The umbrella labor organization in Alaska has formed the equivalent of a super PAC to advocate in favor of Bill Walker's gubernatorial campaign.
The Alaska AFL-CIO recently formed "Alaskans for Walker Mallott," and the group has about $160,000 in the bank, said Vince Beltrami, president of the labor organization and chair of the independent expenditure group.
About one-third of that money comes from the labor organization, said Beltrami. The two other top supporters are Anchorage attorney Robin Brena and Barney Gottstein, a former partner in the old Carrs Quality Centers. Both men contributed money to support the tax-cut repeal referendum that failed during the August 19 primary election.
Beltrami said this is the labor organization's first time creating an independent expenditure group focused on a governor's race. Independent expenditure groups are like federal super PACs in that they can accept contributions of any size, as long as they do not coordinate with candidates.
Beltrami said his "phone has been ringing off the hook" with others wanting to donate, and said about another $40,000 has been committed but is not yet in the bank. All the group's contributions are from Alaskans or Alaska organizations, he said.
Three of the independent expenditure groups registered with the Alaska Public Offices Commission name a candidate -- meaning all the money they raise can be used to support that candidate, said Paul Dauphinais, executive director of APOC.
Those three groups are all for Walker or his running mate, Byron Mallott.

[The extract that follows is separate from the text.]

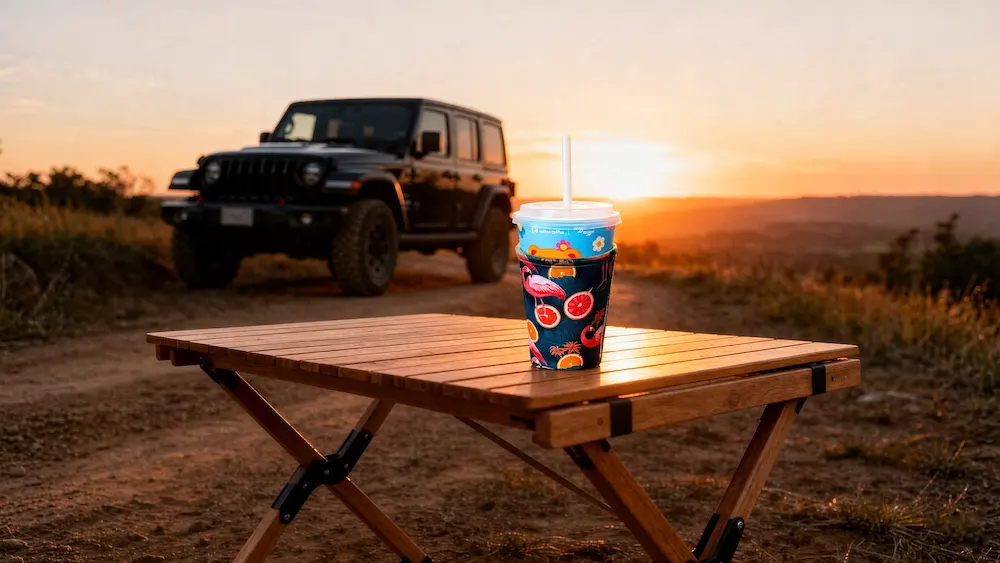 Custom printed neoprene beverage sleeve on outdoor camping table for brand activations and event marketing campaigns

One is a small group formed by a couple of men from Willow called "Walker for Alaska's Future." The group had raised a little more than the $1,245 last reported in July, said chairman Bill Arterburn. It plans to at least buy online advertising and possibly radio ads.
Another independent expenditure group -- "Mallott-One Alaska PAC" -- reported in August that it had raised $50,000 and had spent nearly all of that with Trippi and Associates, a media firm based in Washington, D.C. Steve Boyd is listed as the treasurer of that group. Attempts to reach that group were unsuccessful.
None of the 19 independent expenditure groups registered with APOC name Walker's opponent, incumbent Gov. Sean Parnell, said Dauphinais.
An independent expenditure group formed in part to support Parnell -- "Alaskans for Economic Stability" -- will be closed down, said founder Randy Ruedrich, former Alaskan Republican Party chairman.
The group was created about 10 days ago to support the Parnell ticket and legislative candidates. Ruedrich, who had the idea for the organization, said he is dissolving it.
Since Parnell's name is not in the title, no more than two-thirds of the funding could have been used to support Parnell and oppose Walker, said Ruedrich. The remaining one-third would have been used to support several other legislative candidates, he said. Supporting so many candidates would have required too much paperwork, he said.
"Before you got very far down that road, you realize we would be primarily a paper-shuffling shop rather than a public information entity," he said.
He also pointed out that other groups already support Republican legislative candidates, such as the Alaska Prosperity Project, the independent expenditure group created by ProsperityAlaska, as well as state party organizations.
"Alaskans for Economic Stability" had raised less than $3,000, much of it coming from Ruedrich, he said.
Asked whether he would form another group to fully support Parnell, Ruedrich said it was too early to know what would come next.
As for the AFL-CIO's new political group, Beltrami said Tuesday it released its first ad called "History," with running mate Mallott describing why he joined forces with Walker. The video is currently on YouTube, and Beltrami said efforts are underway to get the commercial on cable TV as soon as possible.